Podhoretz is surely right to say that today’s Washington Post story about Rove and McClellan was promoted by McClellan and his friends. Podhoretz is also right to say that, in promoting that story, McClellan & Co. did the President no favor. As an avowed opponent of the Bushocracy, I’m delighted to see its internal squabbles hitting the newspapers. If I were Mr. Bush, I’d have some fairly sharp words for my spokesman, tempered only by the fact that he might now know where too many of the bodies are buried to be safely fired.

But Podhoretz goes on to say that, if an at-best-moderately-competent McClellan can’t get along with a political genius like Rove, it’s obviously McClellan who ought to go.

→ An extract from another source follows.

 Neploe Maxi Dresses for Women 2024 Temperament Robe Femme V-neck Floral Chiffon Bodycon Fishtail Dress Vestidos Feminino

That’s the assertion that strikes me as morally idiotic.

McClellan is angry at Rove because Rove flat-out lied to McClellan and sent him out to retail that lie, with his personal credibility behind it, to the White House press corps and, through them, the American people. Rove had no obligation to tell McClellan the truth about what he must have suspected might be felonious activity, but he could have said, “Scott, I don’t know about you, but I’ve got more important things to talk about than who did or didn’t leak the name of someone whose employment might or might not have been classified.” Rove chose, instead, to lie, and to do McClellan enormous professional damage in the process.

So to discuss the quarrel between Rove and McClellan as if it were merely a personal spat, to be resolved by dumping whichever of the disputants is less valuable to the organization, is to leave out entirely the difference between right and wrong.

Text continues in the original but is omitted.